Pity poor Green Lantern – despite the recent successful revival by Geoff Johns, he’s always been a B-lister; now that he’s in cinemas, it seems that the entire weight of comic book movies is resting on his shoulders and he’s taking the blame for it all. All for a film that isn’t as bad as everyone seems to be saying it is, but which isn’t a good film either. The fact is that the film just sits there, not achieving the enjoyable levels of Iron Man or Thor but not sinking to the awful lows of Steel or Catwoman or Batman and Robin. There are some good bits but it never sings, it never flies (if you’ll pardon the punning metaphor).

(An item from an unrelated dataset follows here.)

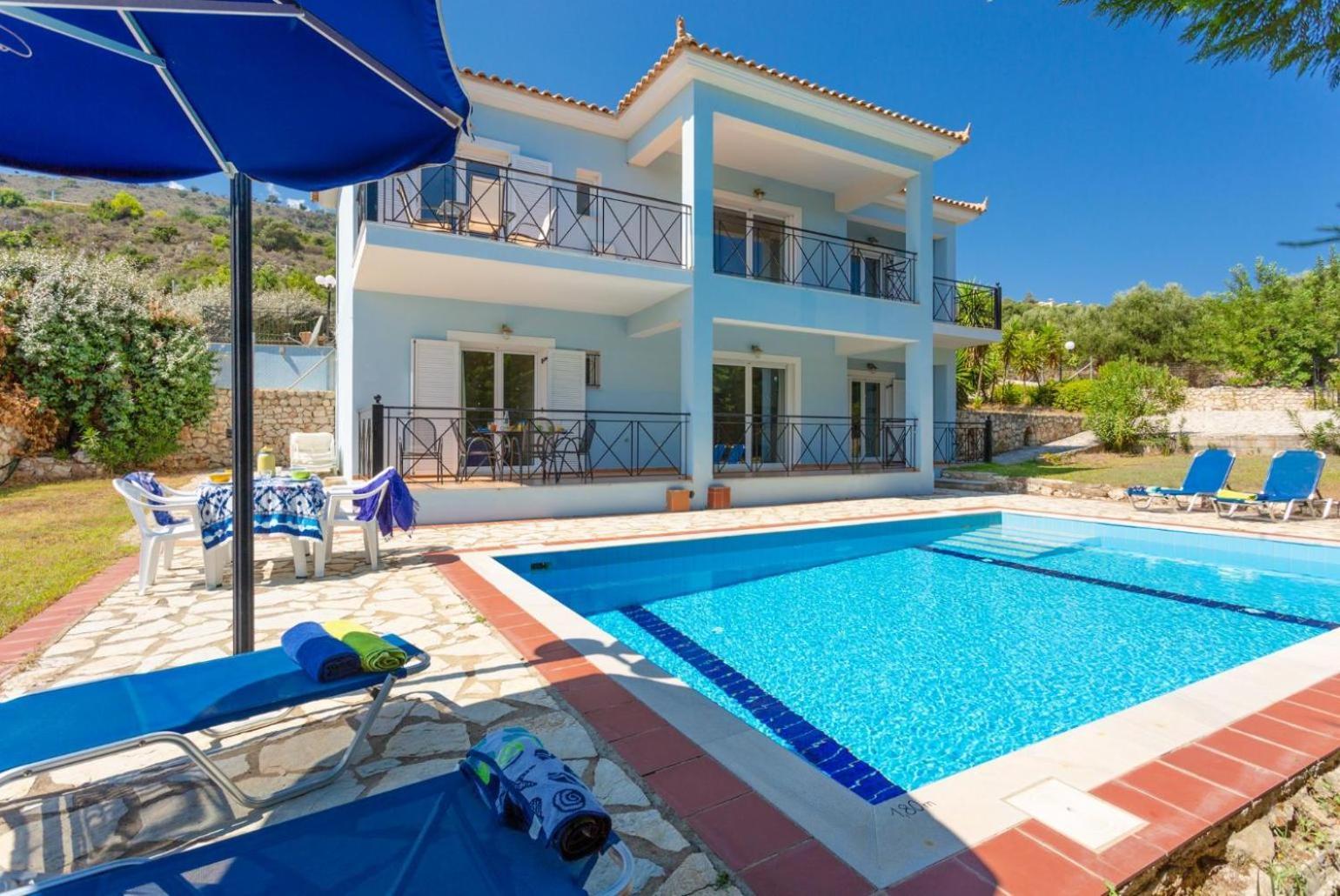 Skala Villa Blue Spathíon Zewnętrze zdjęcie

The problem appears to be a dichotomy between the two halves of the film, and the script can’t seem to make up its mind which side it wants to favour. Favouring the Marvel Studio approach to bring the comic book characters to the silver screen, the film spends half of its time on Earth with Hal Jordan (Ryan Reynolds) and his interaction with humans – he’s a test pilot with Ferris Aircraft who screws things up for his colleagues, he’s had former romantic interaction with Carol Ferris (Blake Lively), there’s a sub-plot involving Senator Hammond (Tim Robbins) and his scientist son Hector (Peter Sarsgaard) – but the film starts out with a voiceover explanation of the Guardians of Oa and the Green Lantern Corps, and sends Jordan out into space and to Oa receive induction from Tomar-Re (voiced by Geoffrey Rush) and training from Kilowog (voiced by Michael Clarke Duncan), which only lasts two minutes before Sinestro (Mark Strong) steps in to make Jordan feel inadequate and want to leave the Corps. There is also the threat of Parallax, this huge entity of fear who destroys planets – why have both the small Earth-bound story of Jordan handling his fear and fighting the Parallax-infected Hector Hammond when you’ve got the prospect of the entire galaxy and thousands of alien Green Lanterns at your disposal?

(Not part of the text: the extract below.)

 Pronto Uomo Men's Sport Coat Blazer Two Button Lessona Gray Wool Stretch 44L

I wanted the aliens and outer space – the CGI for Tomar-Re and Kilowog was impressive, and it was wonderful to see such scope in a blockbuster film, including the presence of so many different aliens and the vista of the home planet of the slightly creepy Guardians. I wanted more of the Green Lanterns fighting Parallax in space, and I wanted the development of the Sinestro–yellow ring storyline that was hinted at in the mid-credits sequence (and I have to agree with everyone that the way this was played in the film made no sense whatsoever, and ignored the character development for Sinestro in the rest of the movie). The ‘Hal has to overcome his fears to become the Green Lantern’ storyline seemed so small and minor in comparison, despite the best efforts of Reynolds, who delivers some of the comedy lines very effectively. This section could have been dealt with quickly and then we could have got more action. A prime example of the smallness hobbling the ability of the film to soar is the way that the Carol Ferris is used as the reason to have a fight between Hector Hammond and Hal Jordan – Hector’s unrequited love was really silly and rather sad to see it used as a device in the plot. This lack of logical narrative was also a problem – see this post at Topless Robot for the best snarky dissection of the storyline of the film – as if the filmmakers thought that people would understand and accept the way the narrative develops because they do the same in the comics (why exactly does Hector get telepathy and telekinesis because he’s been infected by Parallax?), and no amount of spectacle could compensate.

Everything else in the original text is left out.